On vaque à ses occupations quotidienne et, pour un pas
mal placé, la vie prend une autre tournure. Comme cette
thaïlandaise qui a été blessée par une mine en coupant
des bambous. Après son amputation, son mari a demandé
le divorce. Elle s’en est sorti d’autres et lutte désormais
activement contre ces engins de malheurs. La persévérance
et le courage de certaines victimes sont incroyables.

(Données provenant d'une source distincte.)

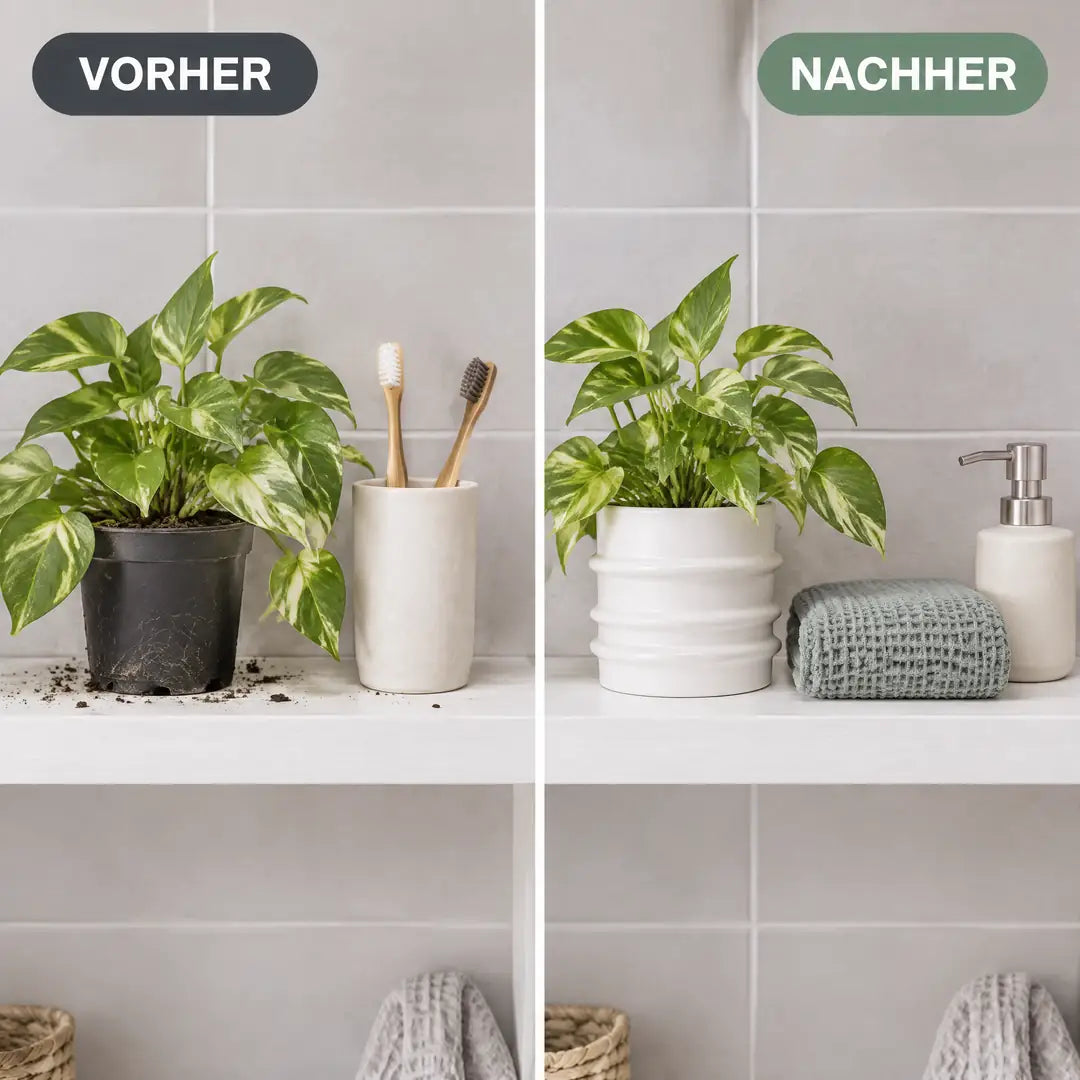 Vorher und nachher: Efeutute im Plastiktopf und im weißen Übertopf auf dem Badregal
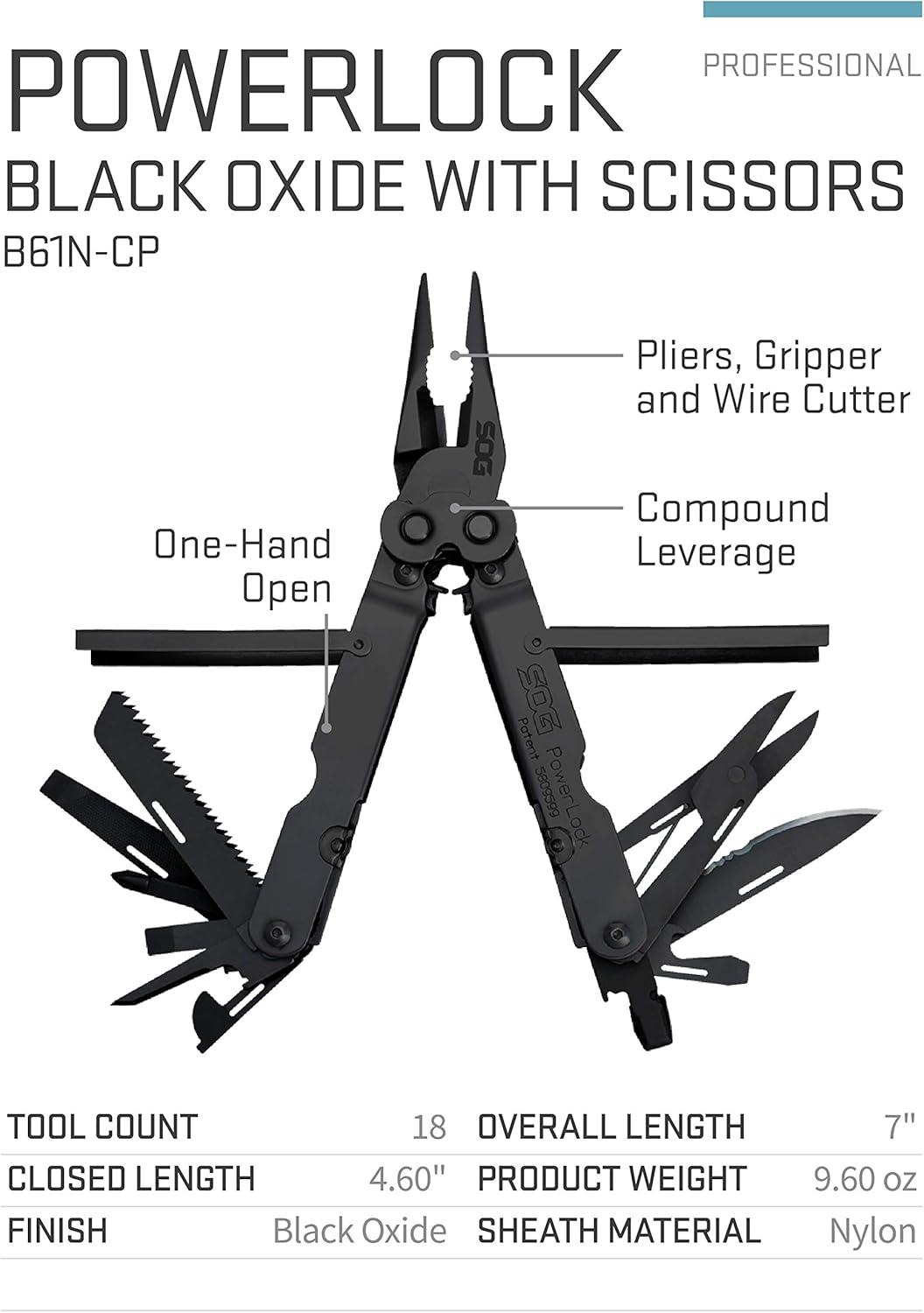 SOG PowerLock Multi-Tool- Compound Leverage Technology with EOD Crimper Device, 420 Stainless Steel Body, 18 Lightweight Specialty Tools (B61N-CP) , Black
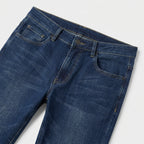 Straight Leg Denim Jeans Stretch Cotton Regular Fit for Men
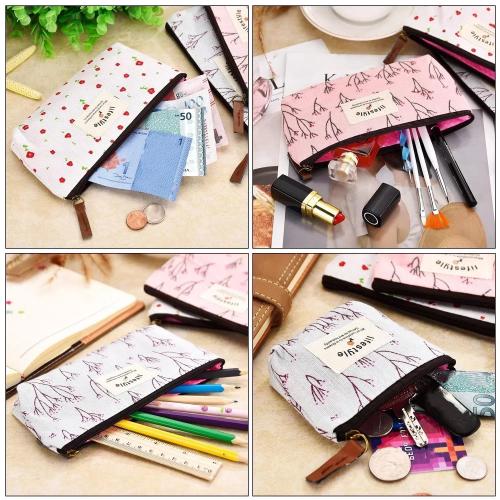 TecUnite Pack of 6 Pencil Case Countryside Flower Cosmetic Makeup Bag Cute Floral Canvas Zipper Pencil Pen Cases Multifunctional Fabric Cosmetic Makeup Bag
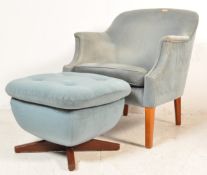 MID CENTURY RETRO ARMCHAIR AND OTTOMAN FOOTSTOOL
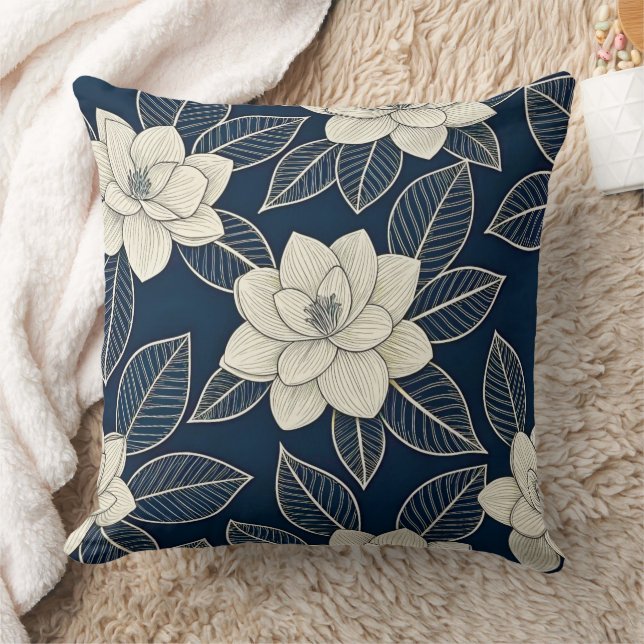 Vintage Blue Floral Botanical Pattern (5) Cushion (Blanket)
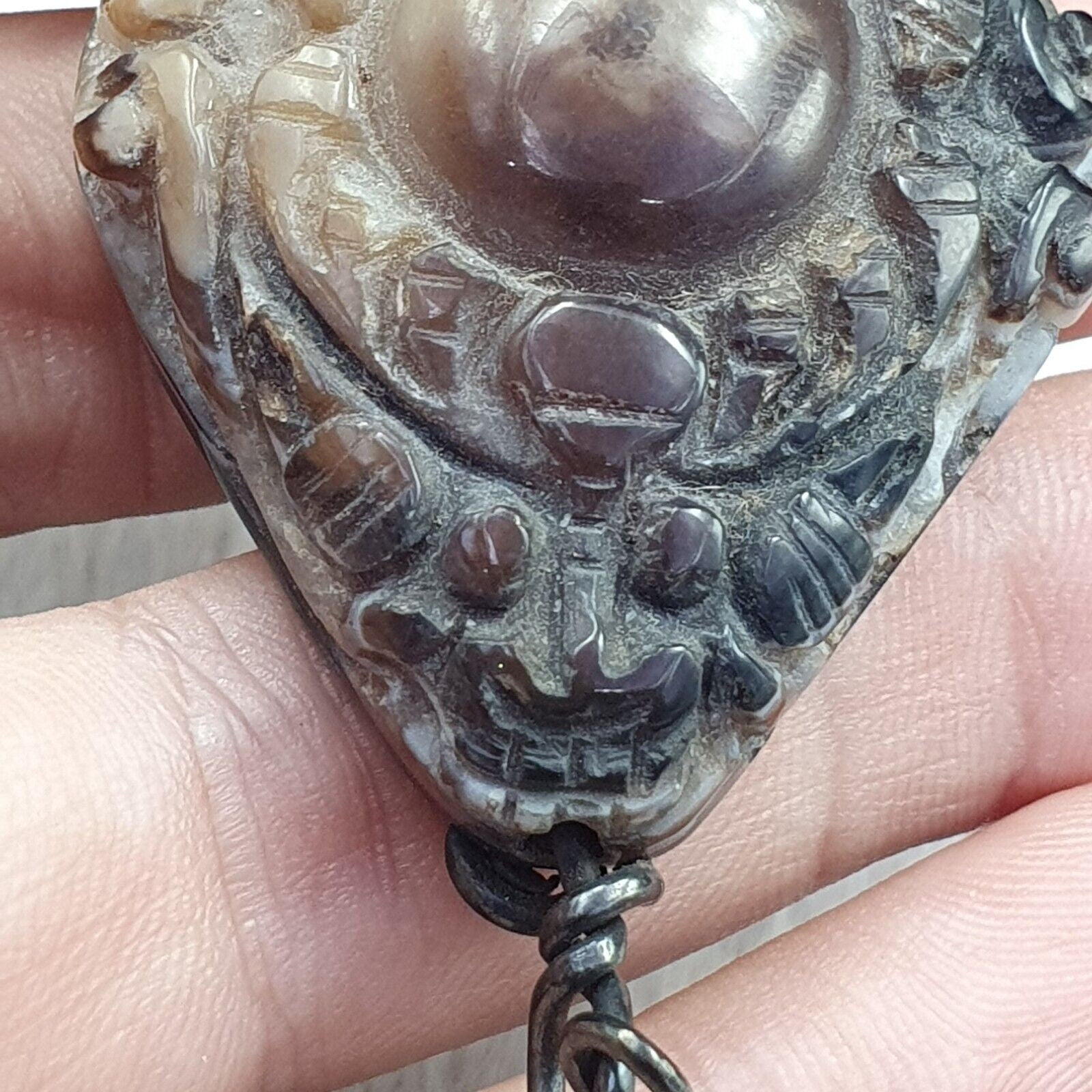 Antique tibetan himalayan carving agate beads pendant with sterling silver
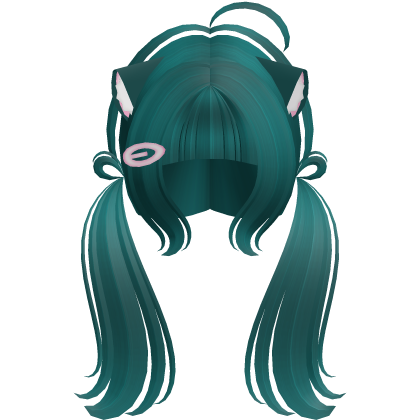 Cute Kitty Pigtails w/ Ears And Clip (Dark Teal)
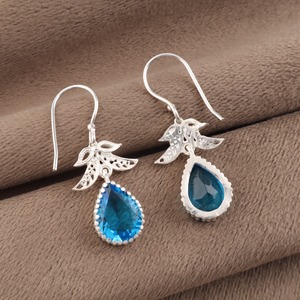 Women’s 925 Sterling Silver Bohemian Drop <b>Earrings</b> Geometric Pattern Swiss <b>Blue</b> <b>Topaz</b> Bezel Set Handmade Dangle <b>Earrings</b> - Product Image 5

L’histoire de ce jeune angolais qui fut blessé aux deux
mains il y a quelques années. Aujourd’hui, il est sélectionné
dans les compétitions inter-africaines de natation. Le
témoignage de la photographe Susan Meiselas illustre parfaitement
l’abnégation des victimes: “Ces gens rencontrent tous
les jours ce à quoi nous ne seront jamais confronté: la
perte de la vue, d’un bras, des deux jambes, jour après
jour, chez eux au travail et dans leurs loisirs. L’histoire
passe, eux ils vieillissent. Après plus d’une dizaine
d’année sur la guerre en Amérique centrale, j’y suis retournée
et témoigne à nouveau de la remarquable résistance, de
la détermination et de la fierté dont ces nicaraguayens
handicapés font preuve, tout en se reconstruisant de nouvelles
vies.” Dans diverses régions du monde, la terre cache
encore près de 70 millions de mines, qui sont autant de
victimes potentielles et de vies pouvant être brisés.